Peter Schreyer, the former head of Audi styling who arrived at Kia Motors nearly a decade ago to bring a bold maturity to the brand's designs, looks like a proud papa at the delivery of his latest child. That is exactly what this is, in fact.
We are in a grand private ballroom with a stunning view of the Eiffel Tower. The room is on the exhibition grounds of the Place de la Porte de Versailles where the biannual Mondial de I'Automobile 2014 – the Paris auto show – is held. And Kia has just unwrapped the third-generation Sorento sport-utility.
A lot has changed at Kia design since you arrived, hasn't it, Peter Schreyer, head of Kia and Hyundai design and a president of the Hyundai Motor?
"Light years. We are light years from where we were when I arrived," he says. The grille on the new Sorento is a signature now and it looks strong and readily identified as a Kia prow. But it's the interior that stands out most.
The outgoing Sorento is a bit rustic. Not this new one that arrives in showrooms in January. The materials look expensive and the panel gaps are tight. The seats are covered in leather and the foam is thick and supportive.
The idea with the Kia brand, he says, is to bring people into showrooms with the designs, please them with the test drive and then surprise them with the price. On that, don't expect the next Sorento to go up much, if at all.
More than the Sorento, however, is on Schreyer's mind. It's the team effort he wants to talk about. That effort was just rewarded with wins at the Automotive Brand Contest 2014. This is an international design competition run by the German Design Council, with winners picked by an independent jury.
Kia was named Team of the Year in recognition of the work done at its three design centres in Korea, California and Germany. As well, the Kia Provo, a small and sporty concept unveiled at the 2013 Geneva Motor Show, was named Best of Best in the Concepts category and the new Kia Soul won the Exterior Volume Brand category.
"This is important because it's for the team," he says. "If just one car wins an award, you can say that was primarily the work of one designer or a small few and it does not have the same resonance as a team award.
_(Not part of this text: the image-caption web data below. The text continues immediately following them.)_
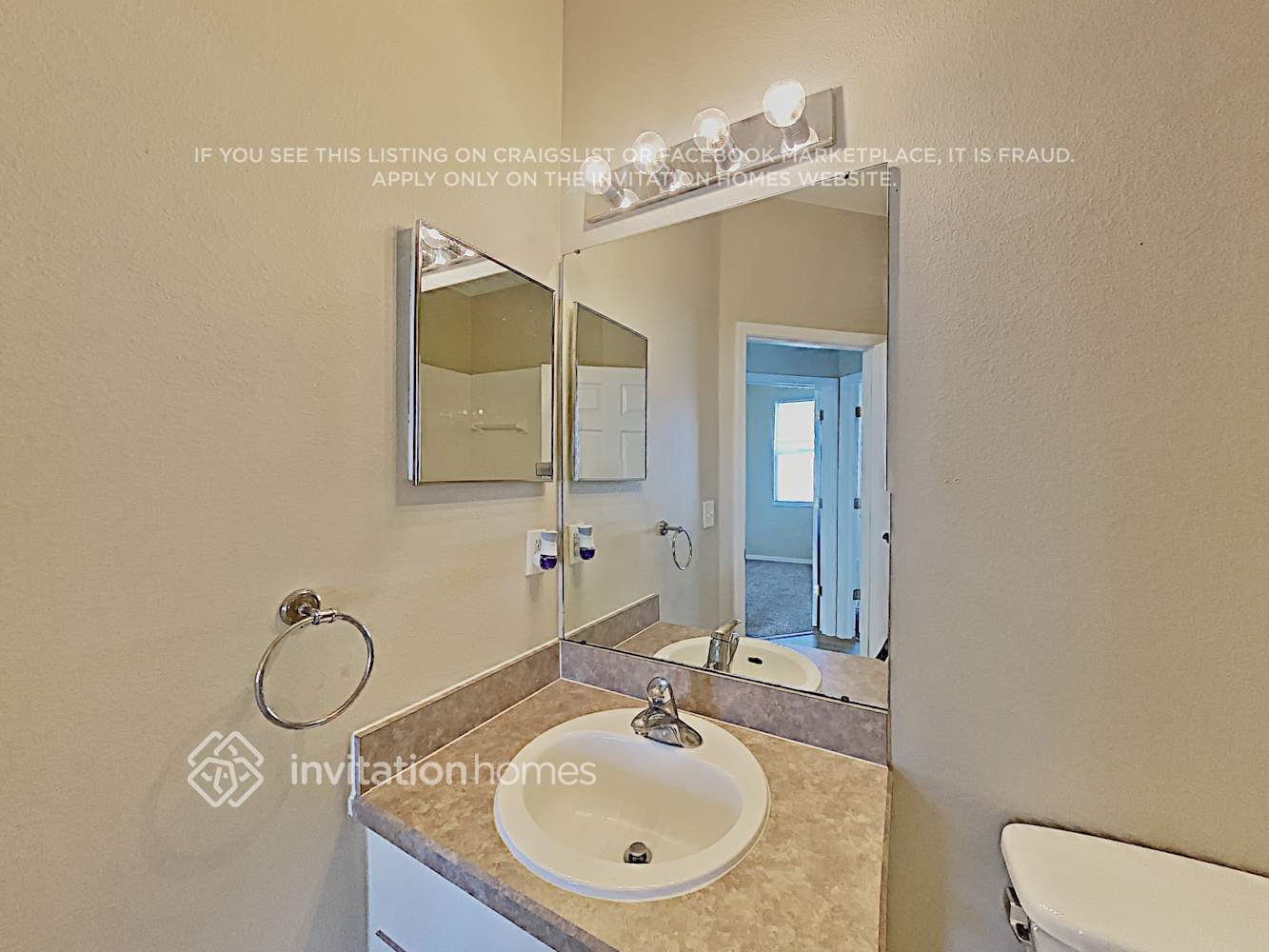 Building Photo - 6402 Bridgecrest Dr
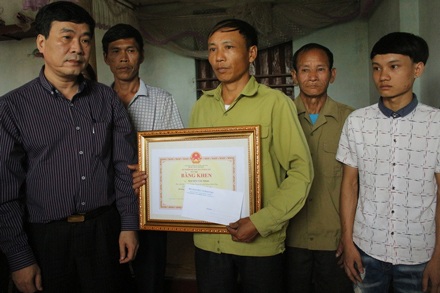 Truy tặng bằng khen với nam sinh lao mình xuống sông Cầu cứu bạn - 1 Bộ Giáo dục truy tặng Bằng khen dũng cảm quên mình cứu bạn của em Nguyễn Văn Thao.
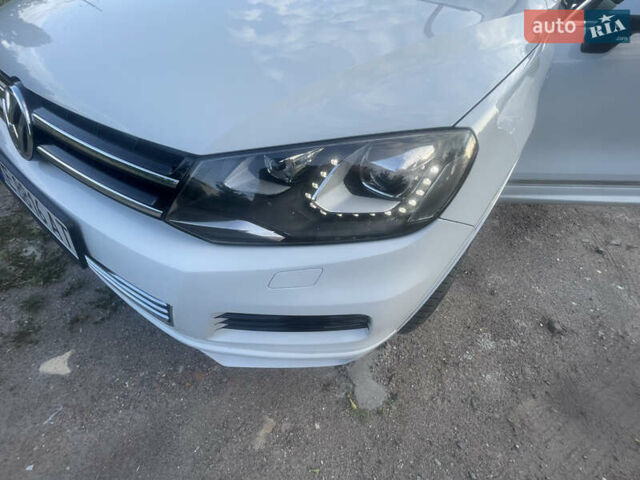 Белый Фольксваген Туарег, объемом двигателя 2.97 л и пробегом 242 тыс. км за 19999 $, фото 9 на Automoto.ua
Our whole team has been recognized. That is an achievement."
The latest Sorento may or may not win awards, but it certainly reflects the progress Kia has made in creating a grown-up look and executing it in production vehicles. There is a richness here that belies a price tag that for the front-drive version will surely start around $28,000, with the four-by-four wearing a base price of around $30,000.
Designers like to work with imagery that inspires them. The Sorento to Kia's team is the "Streetwolf." Truly. This is how the creative types go about being ingenious. This rig, says Schreyer, reflects the evolutionary changes Kia is focused on now. That is, Kia does not need to shock and awe the public with its designs. Rather, changes are subtle but profound. Look at the old one and then the new, and you be the judge.
The interior is from Kia's Frankfurt design team. It looks and feels roomier and the width of the thing is reflected in the wider instrument cluster and the wrap-around shape of the dashboard. That dash actually extends into the door trim. Soft-touch materials and leather are in abundance on the show stand.
Kia is bringing less change to the power train lineup. Both the four-cylinder and the V-6 will be carried over, initially. However, Kia officials hint that a turbo-diesel might be added to the Canadian lineup. That would make sense.
As well, the engineers, say Kia officials, have re-tuned the suspension, tightened up the steering and improving ride and handling. They promise a ride that is equal to the design. We'll find out about that in a future test drive.
For now, the design work holds centre stage and that's where Schreyer has clearly made a huge impact. I feel like handing him a cigar.